Mientras tanto, por un lado,"exportabamos" el modelo democrático-liberal, con el fin de intervenir y saquear a los pueblos. Por el otro, expandíamos a sangre y fuego esa dogmática visión sobre nuestra naturaleza y sobre lo que nos rodea, cristianizando cada palmo de tierra y cada corazón en ese inmenso continente que los pueblos originarios autodesignan como Abya Yala. Nuestra civilización se ha levantado en un sistema de dos patas: una de ellas es la economía capitalista de expropiación y de explotación de los bienes comunes y de las clases trabajadoras y populares; la otra pata, el modelo de imposición epistemológico.

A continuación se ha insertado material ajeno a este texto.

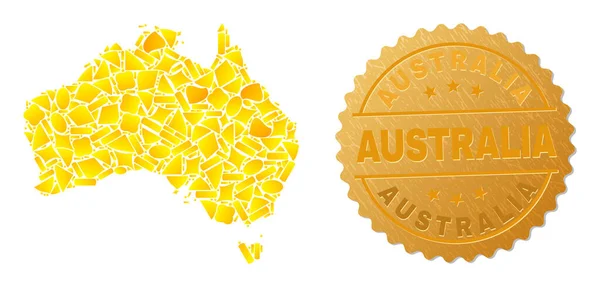 Austrália Mapa Mosaico dos Elementos Dourados e Metal Australia Badge —  Vetores de Stock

Dentro de la realidad descrita, las personas que actualmente migran, tras pasar duros o durísimos años en tránsito, consiguen sortear a la muerte y llegan a Europa, a Euskal Herria, trabajando en su gran mayoría creando riqueza en condiciones de vergüenza en algún momento de su recorrido vital en nuestra tierra, lo hacen en la práctica totalidad obligadas por situaciones insostenibles en sus lugares de origen: guerras, persecución política, total falta de expectativas, hambre, miseria, efecto del cambio climático, etc.
«El norte global del que somos parte ha crecido y se ha desarrollado exprimiendo al máximo posible en cada momento histórico el expolio de las materias primas del resto de naciones y estados del planeta.»
Algunas veces esa violencia se manifiesta de forma verdaderamente impactante: la destrucción del Estado Libio, la traición al pueblo Saharaui, el genocidio palestino, los continuos intentos de desestabilización y de injerencia de corte imperialista en las políticas de los diferentes Gobiernos de izquierdas y progresistas al otro lado del Atlántico (con el Lehendakari Urkullu como cómplice de las multinacionales con label vasco que participan directamente de este robo a gran escala).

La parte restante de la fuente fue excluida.